TO DO — Exactly the lines below, starting with the one containing "Snapshot of Tamil_Rani- chatting" and going on through the one containing "New Laptop Dell XPS 15 8GB Intel SSD 512GB", must be reproduced, both ends included, and no pictures with them.

DATASET EXCERPTS —
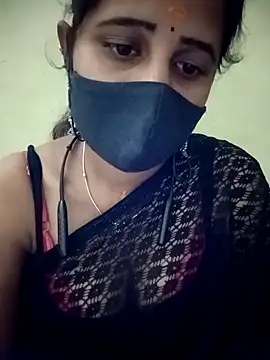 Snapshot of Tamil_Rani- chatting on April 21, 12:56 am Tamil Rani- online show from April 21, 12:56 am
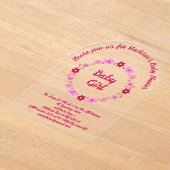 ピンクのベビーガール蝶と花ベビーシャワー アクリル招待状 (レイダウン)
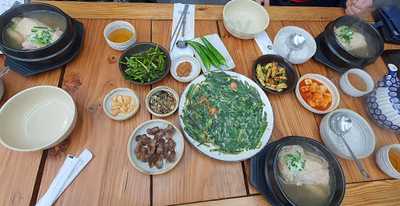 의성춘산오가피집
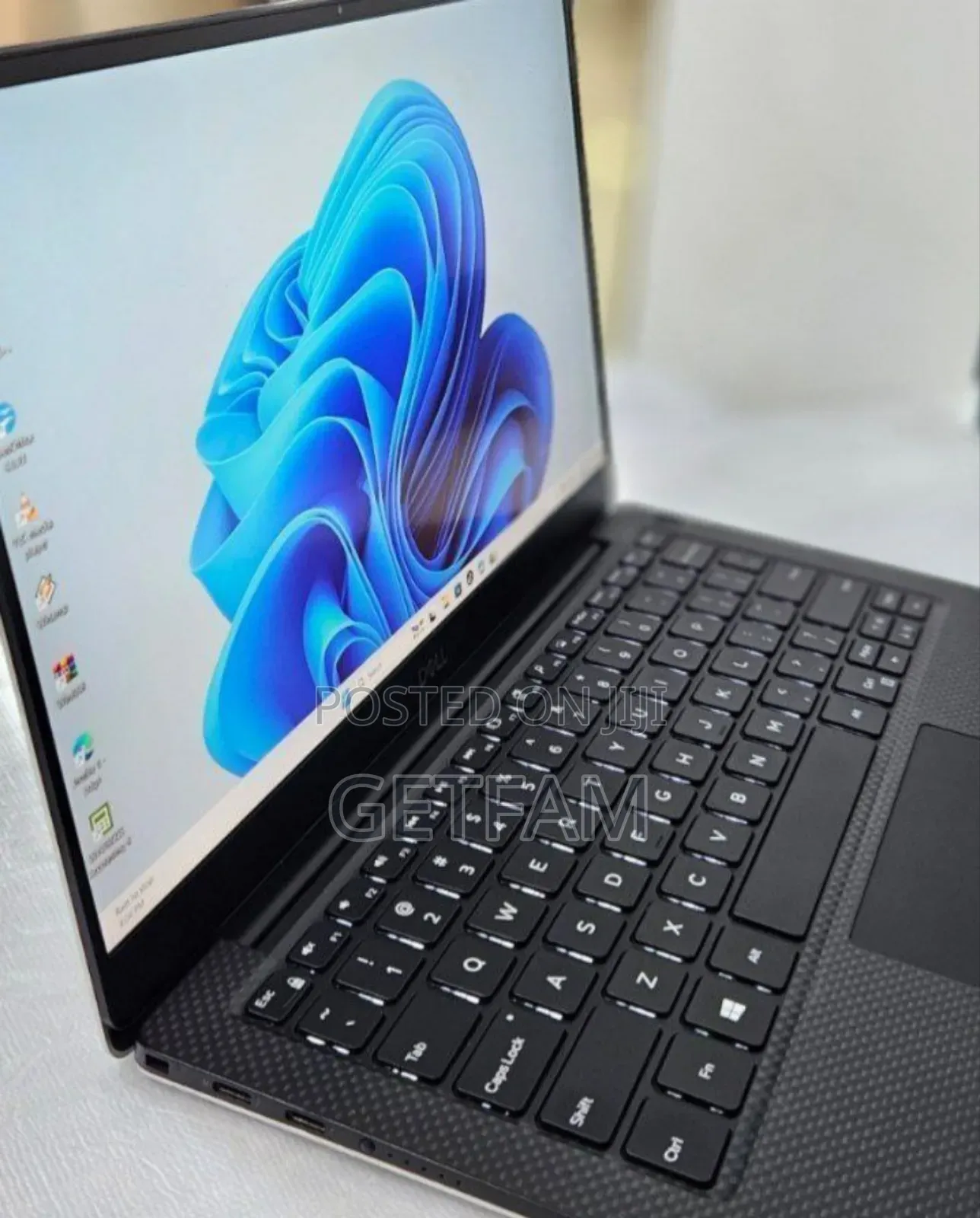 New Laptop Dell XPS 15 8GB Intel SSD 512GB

* * *

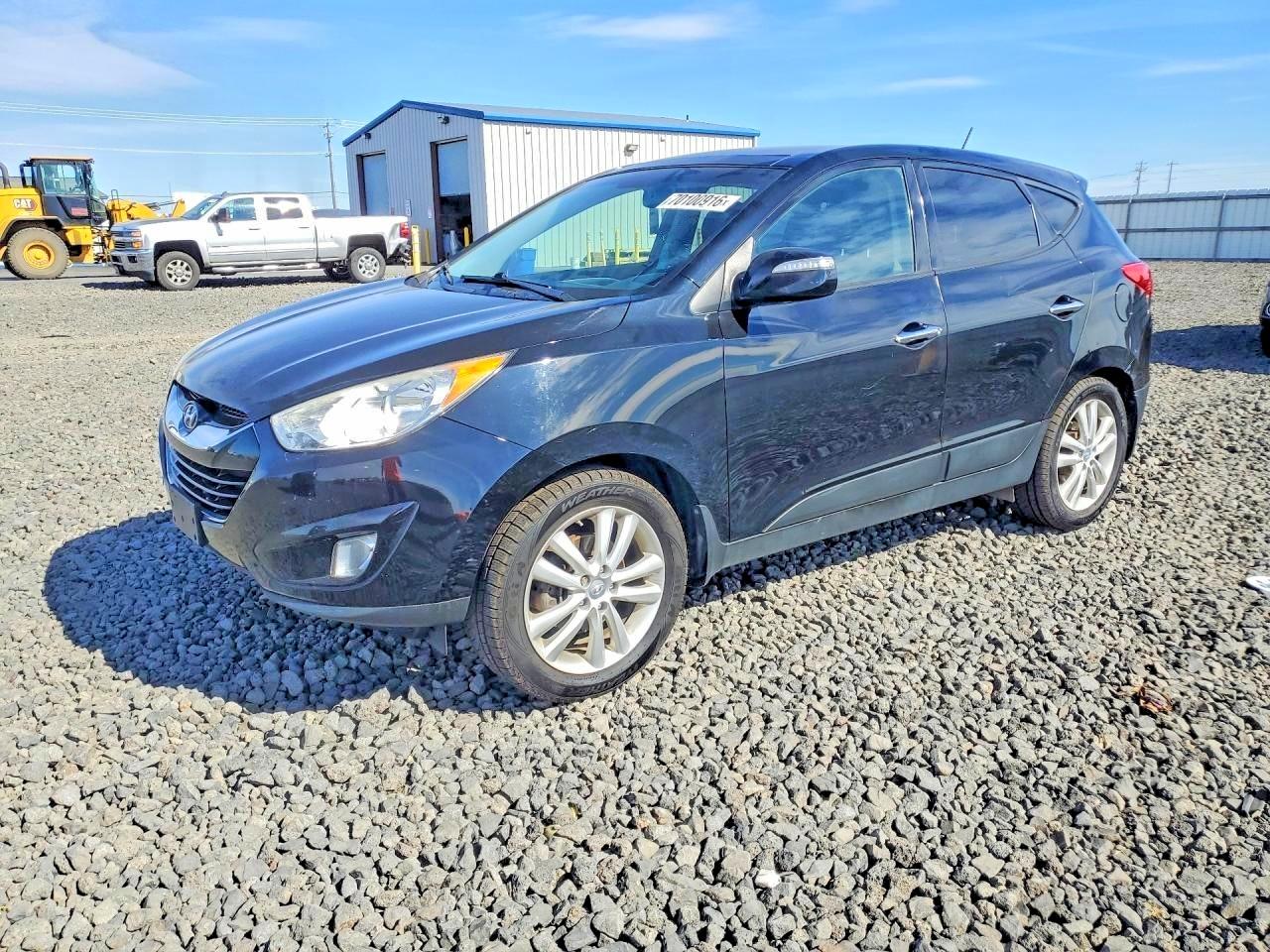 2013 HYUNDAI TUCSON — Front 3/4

RESPONSE BOX —
 Snapshot of Tamil_Rani- chatting on April 21, 12:56 am Tamil Rani- online show from April 21, 12:56 am
 ピンクのベビーガール蝶と花ベビーシャワー アクリル招待状 (レイダウン)
 의성춘산오가피집
 New Laptop Dell XPS 15 8GB Intel SSD 512GB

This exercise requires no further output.